Economic downturns are good for innovators and bad for pretty much everyone else
The best time for new technology trends to take off is during economic downturns.
There has been a lot of talk about the current and coming future economic situation. The housing price collapse, liquidity crisis, inflation woes, and many other factors have led a lot of people much smarter than me to think a recession is coming.
My response: bring it on!
When the economy is booming, little pressure is put on expenses. In good economic times, large organizations often penalized innovators. Instead of looking for radical changes, companies are ok with spending more money on the same software, the same hardware, and the same advertising mix.
But that changes quickly in hard times. Economic downturns force companies to reevaluate how they spend money. Companies need to cut expenditures dramatically yet are expected to have the same level of service as when times were good. This forces firms to look for alternatives to what they are doing.
The last downturn in 2001-2003 was instructive. 2001 was the breakout year for Google. Companies had to look for a more effective way to advertise and they found that buying leads on search engines was measurable, easy, and highly profitable (especially back then when the cost per click was lower).
Linux also took off in 2001. Companies couldn’t afford to buy powerful Sun servers anymore yet they couldn’t afford not to do anything. So companies experimented with Linux on used Intel boxes and found that it performed quite well. And then the unexpected happened … other companies, like IBM, observed this trend and started investing in Linux to promote their own solutions.
MySQL was the same story. The free database solution was more appealing then MS SQL Server for the low-end market and Oracle for the mid-range market.

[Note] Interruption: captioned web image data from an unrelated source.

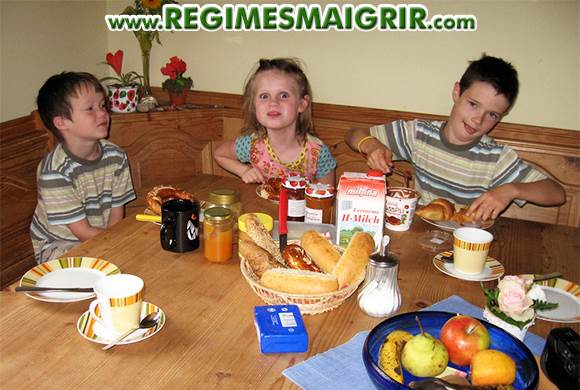 Trois jeunes enfants sont en train de prendre le petit-déj' dans la bonne humeur autour d'une table en bois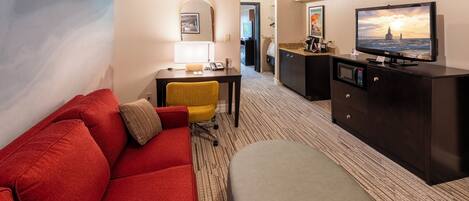 Una habitación de hotel con sofá rojo, sillón amarillo, reposapiés gris, televisor sobre un mueble bajo y escritorio con lámpara.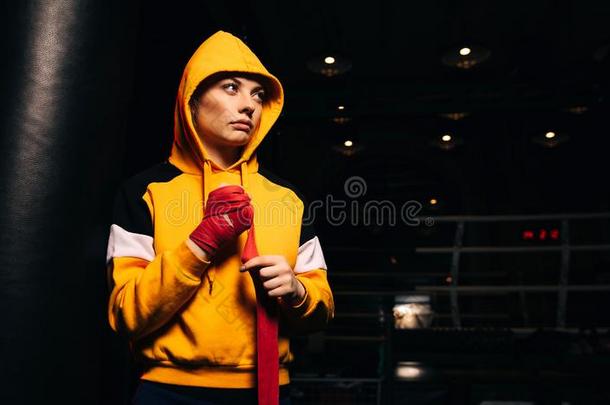 有关<strong>运动</strong>的女孩拳击手采用黄色的<strong>运动</strong>衫拉<strong>红色</strong>的绷带向她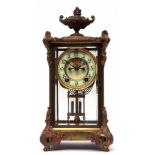 Late 19th/early 20th century American gilt four glass mantel clock, the plinth shaped case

We’ll see something similar happen in the next downturn … innovations that are having trouble getting wide adoption today will take off.
This is why I’m still bullish on Internet advertising. Over the last few years, while Internet advertising has exploded, it has not even come close with keeping pace with its percentage share of media usage. If dollars were allocated as a percentage of time each form of media takes, web advertising would be much bigger than it is today. In 2006, annual U.S. online ad revenues were about $17 billion (according to IAB) which was compared to about $25 billion for publications (magazines and newspapers) and $91 billion for television. This disparity exists because it is really hard to change inertia. Media buyers like to buy TV (and there are a lot of incentives for them to continue to buy TV). And while Internet ad revenue climbed 25% to $21.1 billion for 2007 (according to IAB), the Internet still represents less than 10% of ad spending yet is far more than 10% market share of our media consumption.

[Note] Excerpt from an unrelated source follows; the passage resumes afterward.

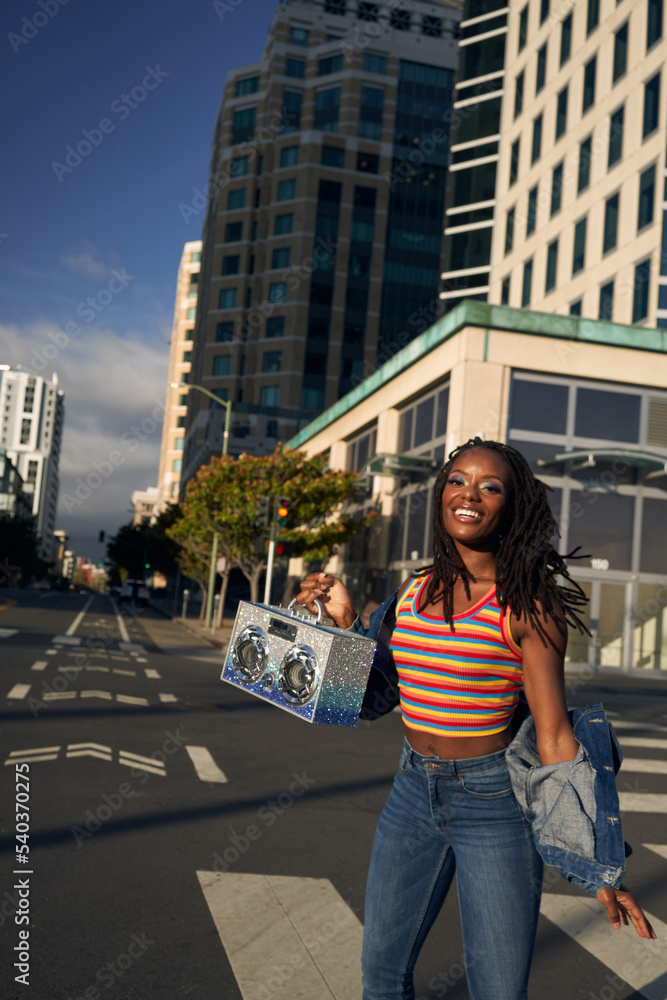 Portrait of young beautiful woman with dreads in the city smiling with boombox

In the event of an economic downturn, there will be a lot of pressure on large companies to find more cost effective (or at least more measurable) ways to advertise. So while overall ad dollars might decrease, we should expect advertising in traditional media (like magazines and TV) to drop much faster than ads in new media – and that new ratio then will become the norm when the economy rebounds.
At Rapleaf, we’re also betting that a downturn will force companies to look to their current customers for new revenue (rather than focusing on building their revenues just by getting new customers). Acquiring new customers is expensive. Get new dollars from existing customers (whether through selling them additional services or just making them happier so they stay customers longer) is much more capital efficient. Companies will switch their expenditure ratio to focus on learning more about their current customers.

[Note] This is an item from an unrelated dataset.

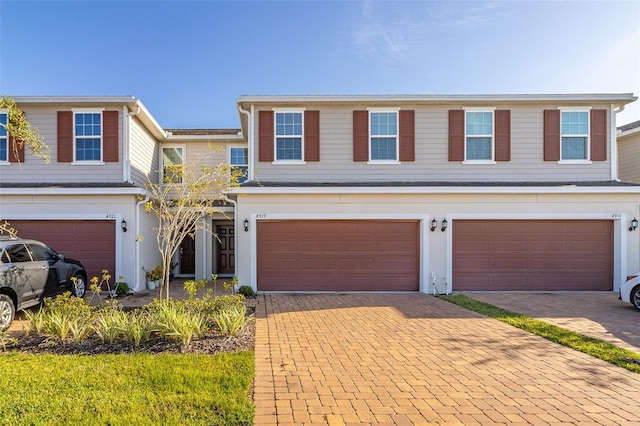 4919 Conifer Cone Dr, Kissimmee, FL 34746 - view of front facade featuring an attached garage, decorative driveway, and stucco siding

Economic downturns help innovators, but they don’t necessarily help “technology” companies. The last downturn negative effected companies like Sun, Microsoft, and Cisco. While these companies do innovate, they benefit much more from the status quo. Essentially, most large “technology” companies benefit when things DON’T change. By contrast, real innovation (either from start-ups or some rare large companies like Apple) benefits from change.